Sun Cluster 2.2 Software Installation Guide

14.1 General Information for Parallel Database Systems

14.1.1 Shared Disk Architecture

The shared disk configuration of Sun Cluster is used by OPS. In this configuration, a single database is shared among multiple instances of OPS, which access the database concurrently. Conflicting access to the same data is controlled by means of a distributed lock manager (the Oracle UNIX Distributed Lock Manager (DLM)). If a process or a node crashes, the DLM is reconfigured to recover from such failure.

14.1.2 Shared Nothing Architecture

The shared nothing disk configuration of Sun Cluster is used by Informix-Online XPS. The database server instance(s) on each node has sole access to its own database partition.

A database query from a client is analyzed by the servers for its table partitions and forwarded across the private network to the appropriate servers.
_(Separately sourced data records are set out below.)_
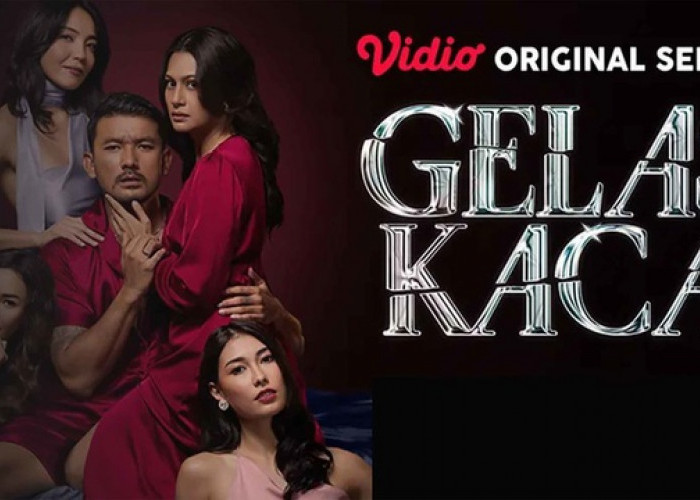 Serial Terbaru Gelas Kaca Sudah Tayang di Vidio, Angkat Konflik Rumah Tangga: Gregetan Abis!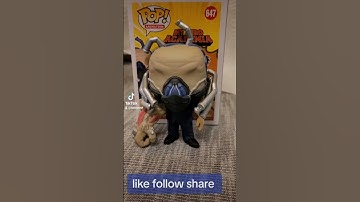 my hero academia funko Pop 647 all for one #fyp #funkopop #anime #myheroacademia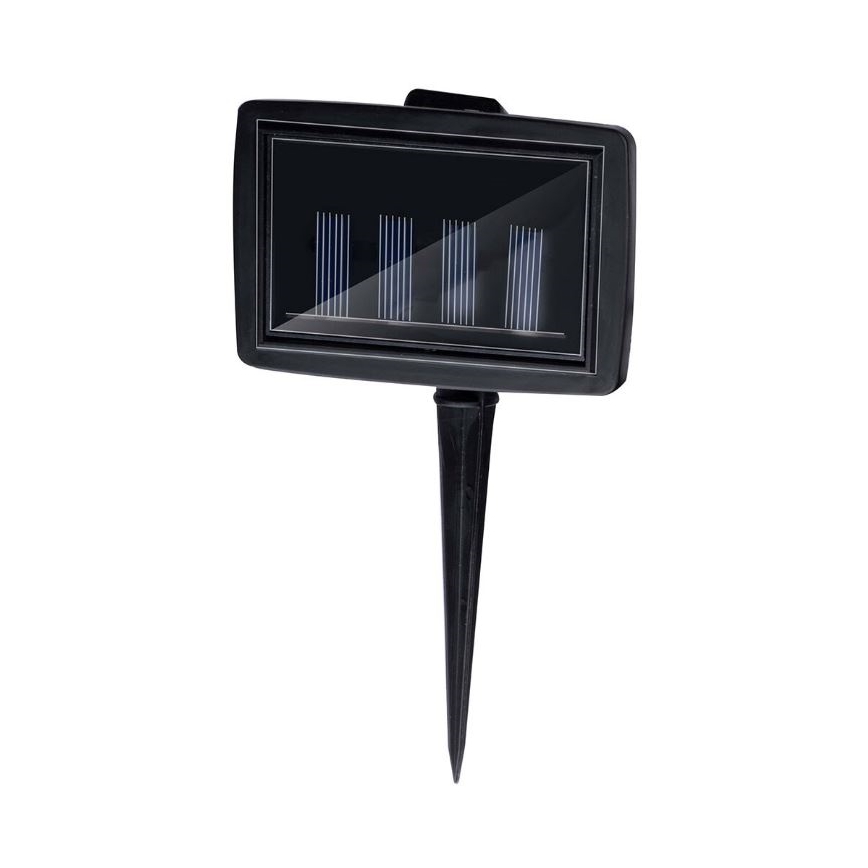 Cadena solar LED 3,35m 10xLED/1,2V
The results are merged across the private network and returned to the client.

14.1.3 SMA Shared Memory Issues

Some applications (OPS, for example) sometimes require modification of the /etc/system file so that the minimum amount of shared memory that may be requested is unusually high. For example, if the field shmsys:shminfo_shmmin in the /etc/system file is set to a value greater than 200 bytes, the sm_config(1M) command will not be able to acquire shared memory, as it ends up requesting a smaller number of bytes than the minimum the system can allocate. As a result, the shmget(2) system call made by the sm_config(1M) command fails, thus aborting sm_config(1M).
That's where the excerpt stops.